その様子にヴァルムは、ほんの少し満足気に頬を緩ませたが、すぐさま取り繕うと芝居がかった様子で、大きくため息をつきながら首を横に振った。
(――なんのため息……? え、ここでまさかのお小言発動……? 人の目がありますよ? 耳とか口も……)
「……左様でございますか――残念です」
「えっと……?」
「――いっそ……全てを新しくすげ替えたほうが、新しい風が吹くのでは……と考えておりましたもので……――賛同してくれる者も多いことでございますし……」
(……あれ? ヴァルムさん……王族……っていうか――レオンたちに喧嘩売ってない……? え、私の解釈違い?)
リアーヌが読み取った通り、この時のヴァルムは正しくレオンたちに喧嘩を売っていた。
「禍根の残る者たち全てを排除し、他の王族の中から時期国王を探すのがいいのでは?」と言ったも同然だったのだがら――
笑顔の下で怒りを膨らませたレオンたちだったが、これまでの関係性から、それを言葉にするのは憚られた。
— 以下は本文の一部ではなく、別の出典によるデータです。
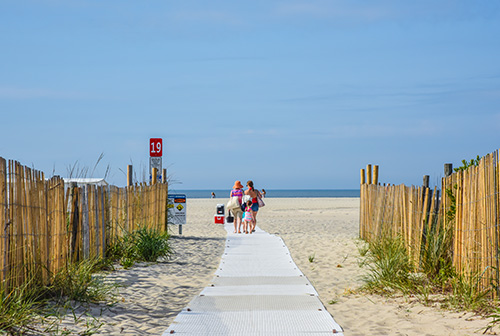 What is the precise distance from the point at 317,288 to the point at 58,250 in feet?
11.5

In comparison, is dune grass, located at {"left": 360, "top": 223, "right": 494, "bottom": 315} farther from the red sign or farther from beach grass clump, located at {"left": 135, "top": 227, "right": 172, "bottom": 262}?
the red sign

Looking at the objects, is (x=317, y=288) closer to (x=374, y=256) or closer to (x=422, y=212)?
(x=422, y=212)

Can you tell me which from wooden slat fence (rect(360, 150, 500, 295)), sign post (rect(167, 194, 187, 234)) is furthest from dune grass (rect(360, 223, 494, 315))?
sign post (rect(167, 194, 187, 234))

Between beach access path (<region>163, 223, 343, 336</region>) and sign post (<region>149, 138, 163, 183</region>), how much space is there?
18.8 feet

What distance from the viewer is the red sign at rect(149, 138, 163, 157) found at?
15422 millimetres

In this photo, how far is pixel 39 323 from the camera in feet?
18.2

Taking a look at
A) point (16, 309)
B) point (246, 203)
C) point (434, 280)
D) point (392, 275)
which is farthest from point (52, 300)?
point (246, 203)

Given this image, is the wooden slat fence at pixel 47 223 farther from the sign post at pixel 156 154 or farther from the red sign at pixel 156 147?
the red sign at pixel 156 147

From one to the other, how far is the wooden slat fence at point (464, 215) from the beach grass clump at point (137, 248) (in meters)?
4.18

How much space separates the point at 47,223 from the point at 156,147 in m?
8.80

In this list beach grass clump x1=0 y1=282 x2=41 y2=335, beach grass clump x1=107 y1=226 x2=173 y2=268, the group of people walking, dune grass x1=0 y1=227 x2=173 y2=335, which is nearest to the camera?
beach grass clump x1=0 y1=282 x2=41 y2=335

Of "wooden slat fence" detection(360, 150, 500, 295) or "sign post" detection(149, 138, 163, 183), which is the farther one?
"sign post" detection(149, 138, 163, 183)

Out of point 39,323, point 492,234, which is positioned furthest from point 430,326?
point 39,323

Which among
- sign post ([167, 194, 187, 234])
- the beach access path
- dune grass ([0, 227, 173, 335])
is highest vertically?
sign post ([167, 194, 187, 234]) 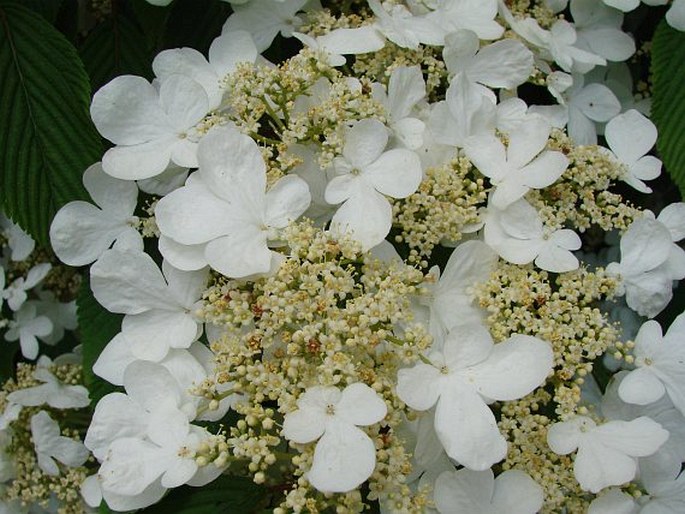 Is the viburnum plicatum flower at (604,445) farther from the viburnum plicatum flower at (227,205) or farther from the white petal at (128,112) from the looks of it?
the white petal at (128,112)

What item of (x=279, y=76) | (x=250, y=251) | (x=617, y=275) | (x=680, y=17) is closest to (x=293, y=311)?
(x=250, y=251)

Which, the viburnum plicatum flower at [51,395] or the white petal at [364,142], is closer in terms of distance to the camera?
the white petal at [364,142]

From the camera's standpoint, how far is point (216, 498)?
996 mm

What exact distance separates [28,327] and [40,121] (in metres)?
0.46

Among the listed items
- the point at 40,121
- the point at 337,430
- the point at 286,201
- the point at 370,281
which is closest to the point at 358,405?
the point at 337,430

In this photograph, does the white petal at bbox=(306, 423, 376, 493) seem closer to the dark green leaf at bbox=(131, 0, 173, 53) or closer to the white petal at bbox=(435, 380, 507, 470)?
the white petal at bbox=(435, 380, 507, 470)

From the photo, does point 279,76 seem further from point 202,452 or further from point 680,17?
point 680,17

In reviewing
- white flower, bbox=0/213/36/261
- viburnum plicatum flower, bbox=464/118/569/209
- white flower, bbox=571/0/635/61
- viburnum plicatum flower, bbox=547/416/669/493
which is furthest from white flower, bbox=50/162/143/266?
white flower, bbox=571/0/635/61

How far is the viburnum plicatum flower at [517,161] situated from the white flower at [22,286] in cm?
74

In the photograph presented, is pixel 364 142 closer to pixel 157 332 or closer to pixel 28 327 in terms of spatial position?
pixel 157 332

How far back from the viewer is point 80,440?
1289 millimetres

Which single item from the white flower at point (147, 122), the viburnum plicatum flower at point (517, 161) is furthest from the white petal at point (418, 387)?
the white flower at point (147, 122)

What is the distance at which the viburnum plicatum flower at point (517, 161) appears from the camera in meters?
1.00

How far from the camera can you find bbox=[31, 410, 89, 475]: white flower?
4.06 feet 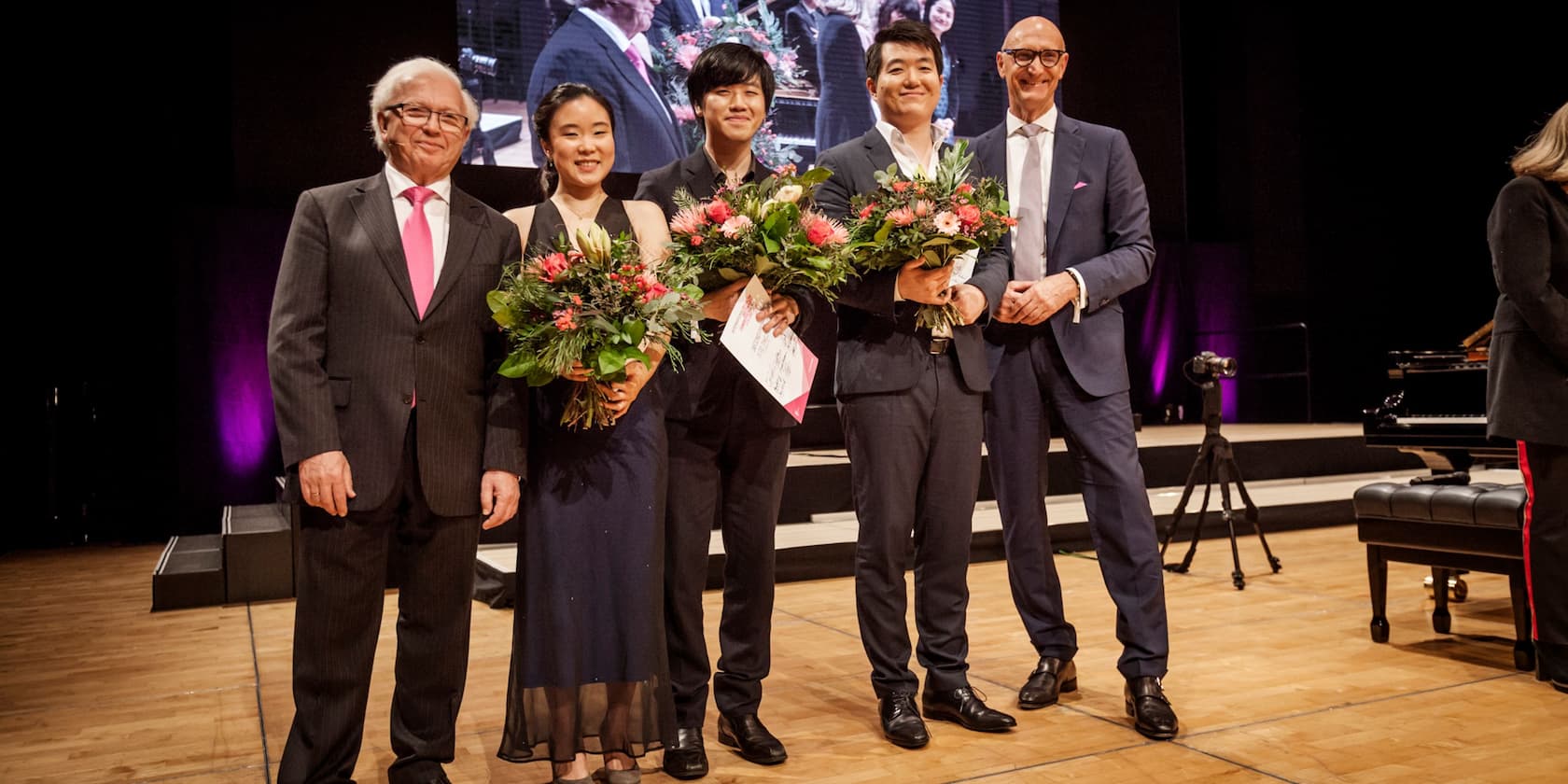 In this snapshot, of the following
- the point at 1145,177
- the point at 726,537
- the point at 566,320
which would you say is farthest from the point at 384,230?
the point at 1145,177

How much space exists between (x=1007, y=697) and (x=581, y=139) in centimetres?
193

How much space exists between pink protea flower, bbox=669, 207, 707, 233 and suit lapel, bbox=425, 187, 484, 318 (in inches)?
16.6

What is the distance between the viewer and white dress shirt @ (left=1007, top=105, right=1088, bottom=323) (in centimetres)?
299

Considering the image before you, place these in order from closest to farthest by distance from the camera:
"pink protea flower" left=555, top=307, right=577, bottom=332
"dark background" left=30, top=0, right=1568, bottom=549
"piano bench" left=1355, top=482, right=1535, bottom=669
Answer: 1. "pink protea flower" left=555, top=307, right=577, bottom=332
2. "piano bench" left=1355, top=482, right=1535, bottom=669
3. "dark background" left=30, top=0, right=1568, bottom=549

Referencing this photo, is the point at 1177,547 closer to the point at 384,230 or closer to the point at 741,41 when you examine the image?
the point at 741,41

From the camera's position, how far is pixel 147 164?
7.99 m

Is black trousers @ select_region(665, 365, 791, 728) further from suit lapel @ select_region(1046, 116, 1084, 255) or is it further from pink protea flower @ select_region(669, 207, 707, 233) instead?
suit lapel @ select_region(1046, 116, 1084, 255)

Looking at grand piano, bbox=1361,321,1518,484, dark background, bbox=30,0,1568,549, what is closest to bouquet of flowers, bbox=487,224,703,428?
grand piano, bbox=1361,321,1518,484

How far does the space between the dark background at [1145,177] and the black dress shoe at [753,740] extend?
6.30m

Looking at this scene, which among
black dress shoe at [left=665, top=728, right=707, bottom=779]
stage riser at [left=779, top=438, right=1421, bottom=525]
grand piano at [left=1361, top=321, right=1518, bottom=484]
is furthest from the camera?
stage riser at [left=779, top=438, right=1421, bottom=525]

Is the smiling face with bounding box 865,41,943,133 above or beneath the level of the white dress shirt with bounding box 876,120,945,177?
above

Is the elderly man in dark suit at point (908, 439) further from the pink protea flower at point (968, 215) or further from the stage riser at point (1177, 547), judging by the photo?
the stage riser at point (1177, 547)

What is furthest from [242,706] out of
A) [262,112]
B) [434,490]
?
[262,112]

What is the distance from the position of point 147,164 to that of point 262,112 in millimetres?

「……どれに変わっても新しい風は吹きそう……ですよね?」
リアーヌは自分の解釈が合っているのか不安になり、周りの反応をうかがいながら、なんとなくそれっぽい言葉を口にしてお茶を濁した。
――その言葉が、この会話を正しく読み取っていた者たちにとっては「どうせ誰が国王になったって、大して変わらない」という、強烈な批判になっているとは気がつきもせずに――
「――それもそうでございますね? ではお嬢様のおっしゃる通りに……」
リアーヌの答えに上機嫌になったヴァルムは満面の笑みを浮かべながら深々と頭を下げた。
なんとか会話をこなせたことにホッと胸を撫で下ろすリアーヌ。
あとはヴァルムが退室の挨拶を口にして終わりだと考えたからだった――のだが、ここで少々の想定外が起こった。
「――それはそれとして……」と、ヴァルムが頭を下げたまま、再び話し始めてしまったのだ。
「ぇ……?」
「お嬢様におかれましては、いつ何時もお言葉をお乱しになられませんよう……」
「ごめんなさい……」
「……くれぐれもお気をつけを」
「はひ……」
その返事を聞き少しだけ息を吸い込んだヴァルムだったが、それ以上なにも言うことはなく、ゆっくりと顔を上げて退室の挨拶を口にした。